EXERCISE INSTRUCTIONS =>
Reproduce every line of the material below exactly. No pictures belong in the copy.

SUPPLIED DATA =>
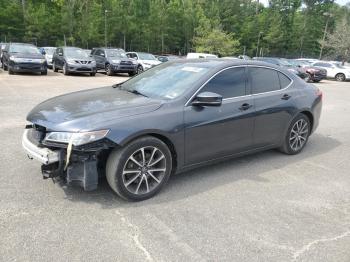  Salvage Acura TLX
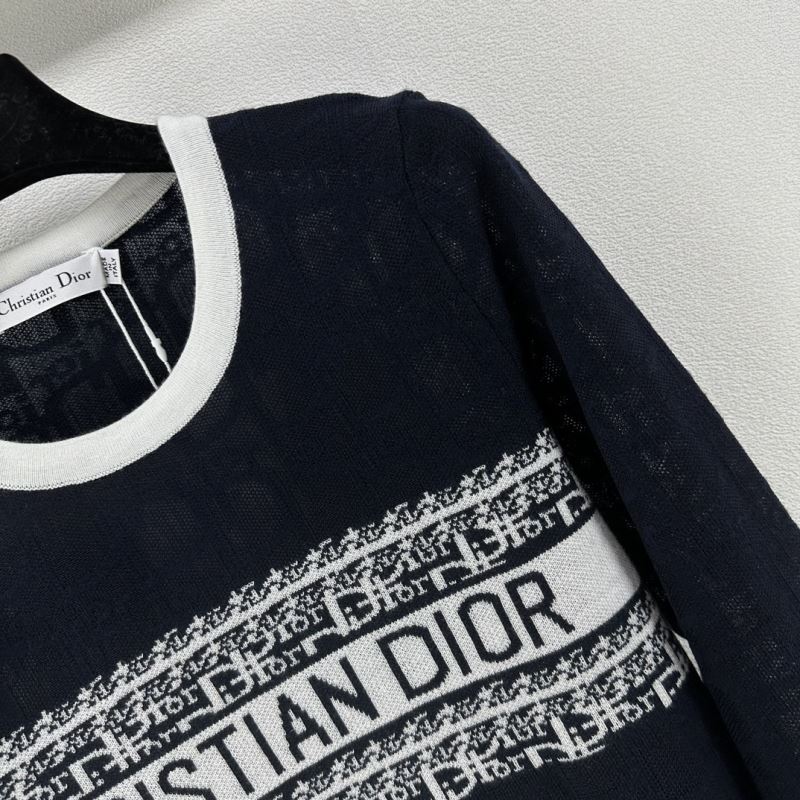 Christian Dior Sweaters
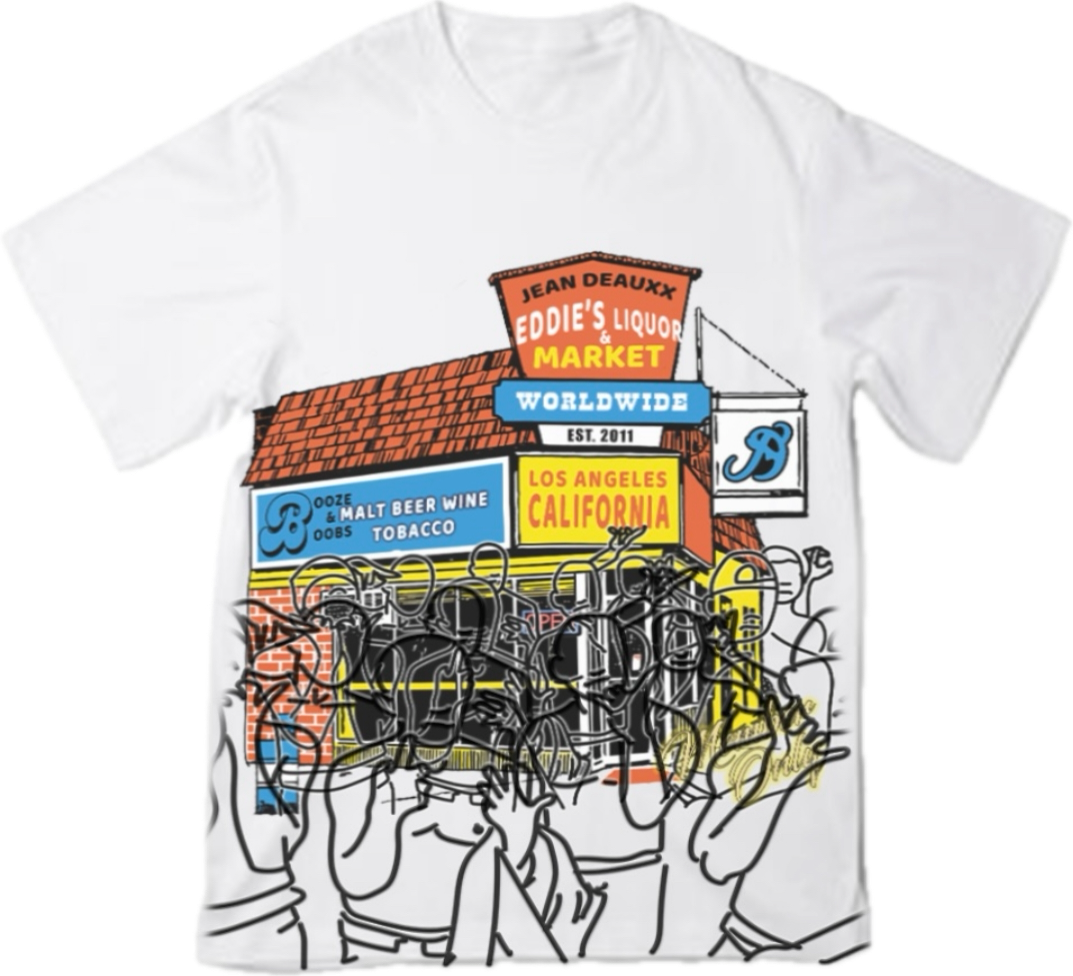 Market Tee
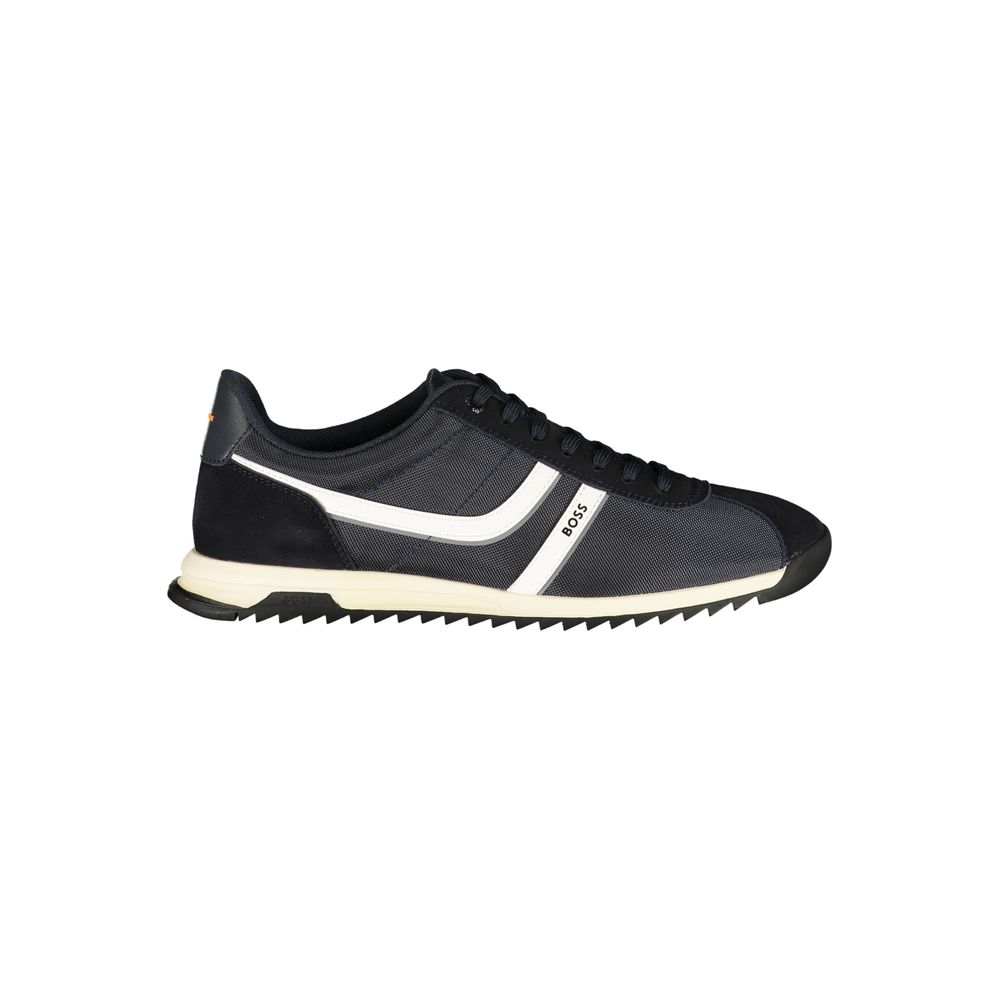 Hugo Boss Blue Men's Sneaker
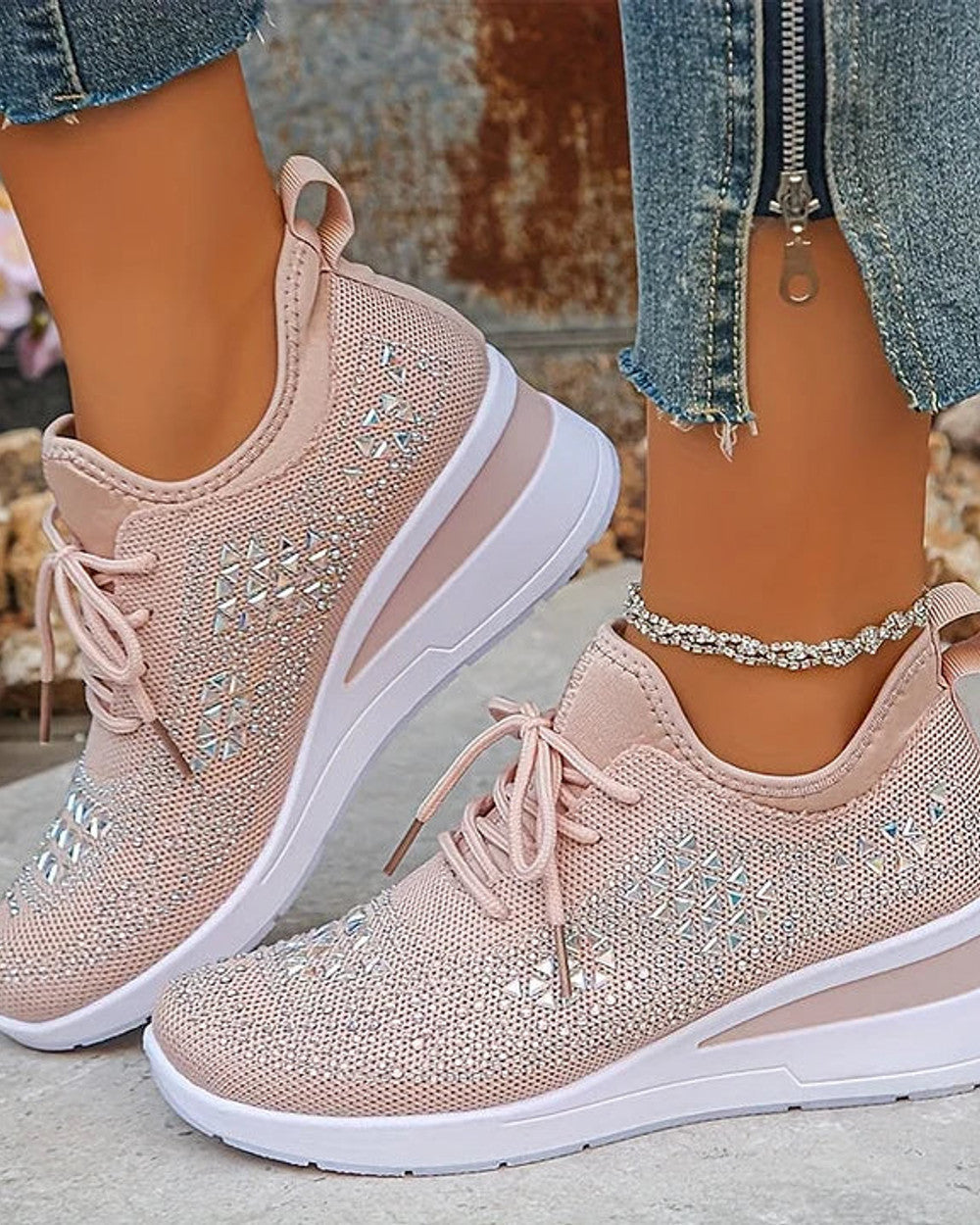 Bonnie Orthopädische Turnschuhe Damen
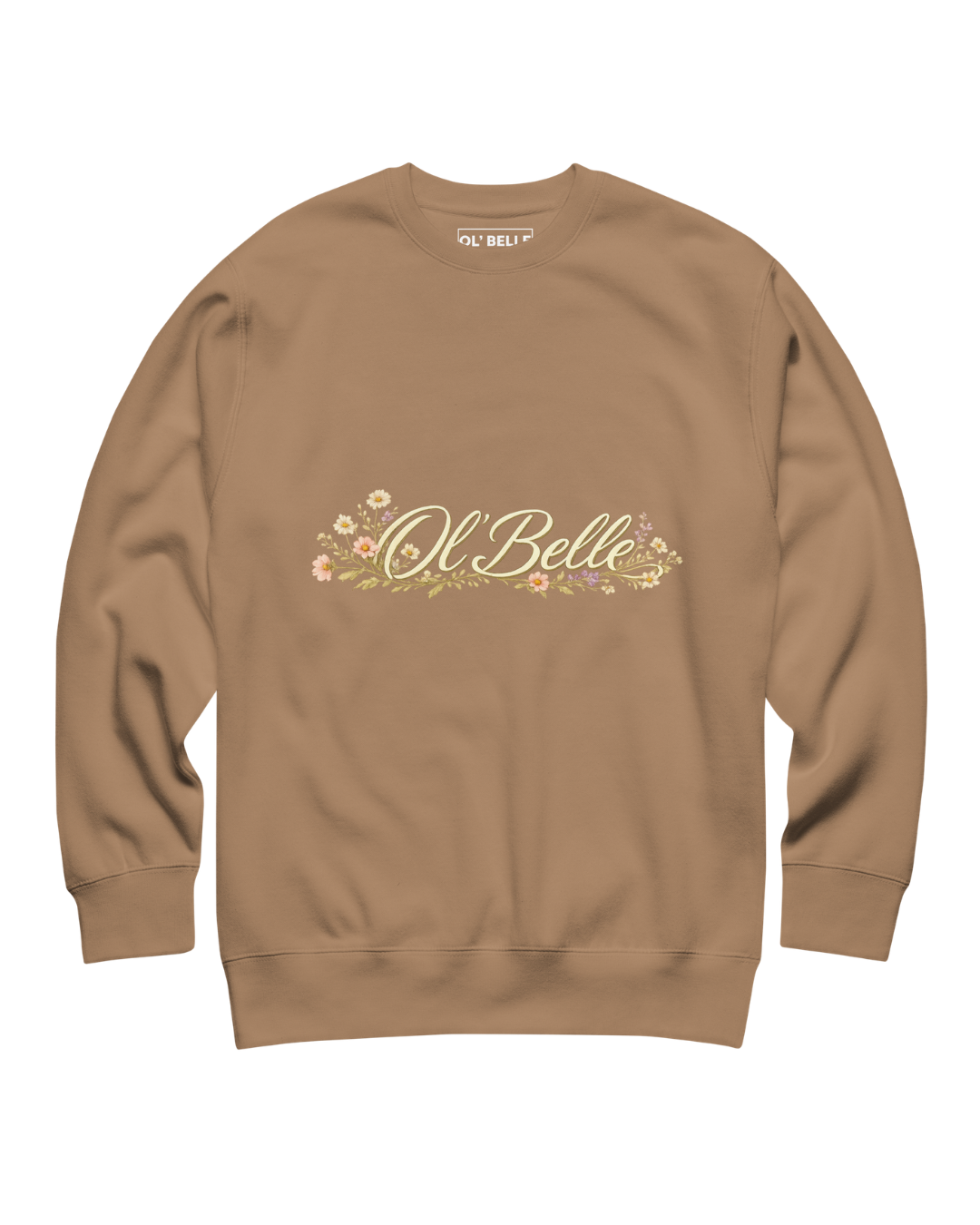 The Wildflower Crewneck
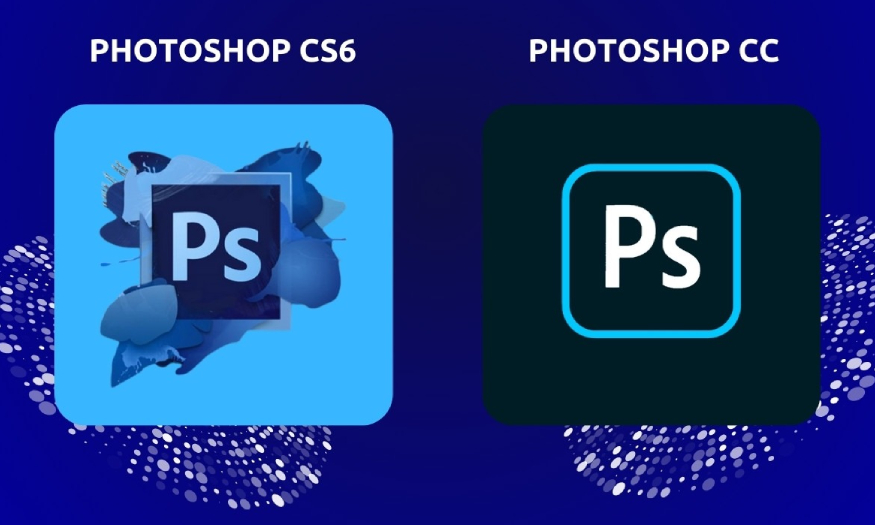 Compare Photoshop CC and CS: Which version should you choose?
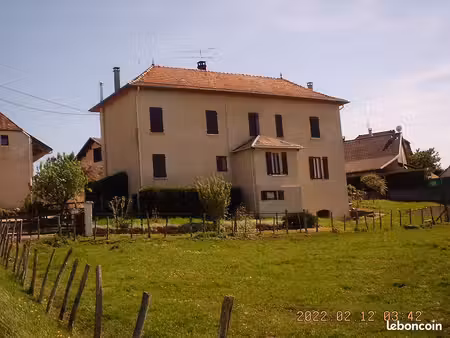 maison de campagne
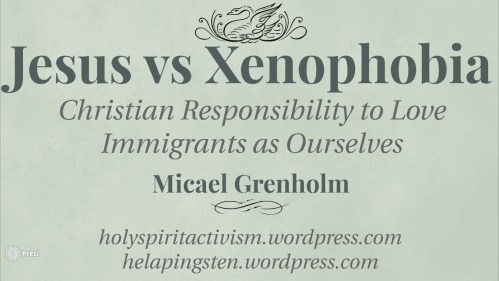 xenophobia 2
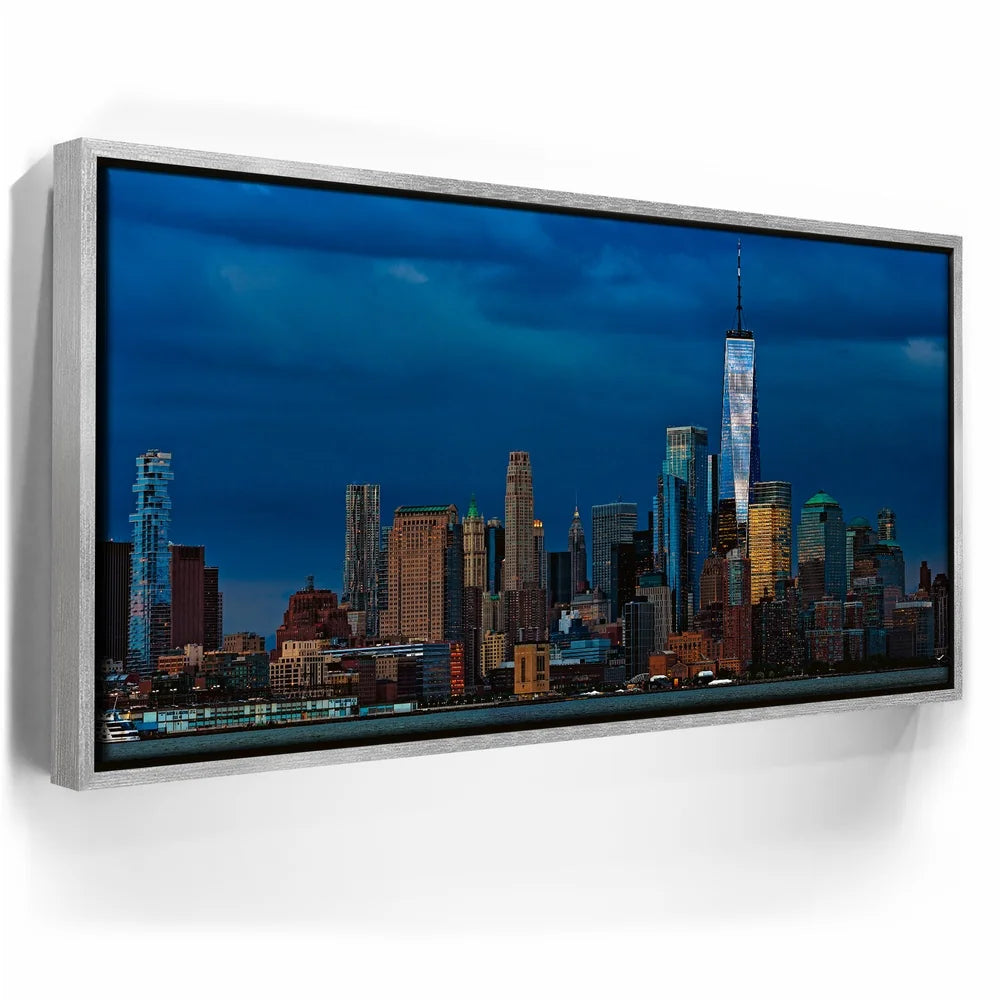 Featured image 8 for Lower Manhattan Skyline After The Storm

ANSWER BOX =>
  Salvage Acura TLX
 Christian Dior Sweaters
 Market Tee
 Hugo Boss Blue Men's Sneaker
 Bonnie Orthopädische Turnschuhe Damen
 The Wildflower Crewneck
 Compare Photoshop CC and CS: Which version should you choose?
 maison de campagne
 xenophobia 2
 Featured image 8 for Lower Manhattan Skyline After The Storm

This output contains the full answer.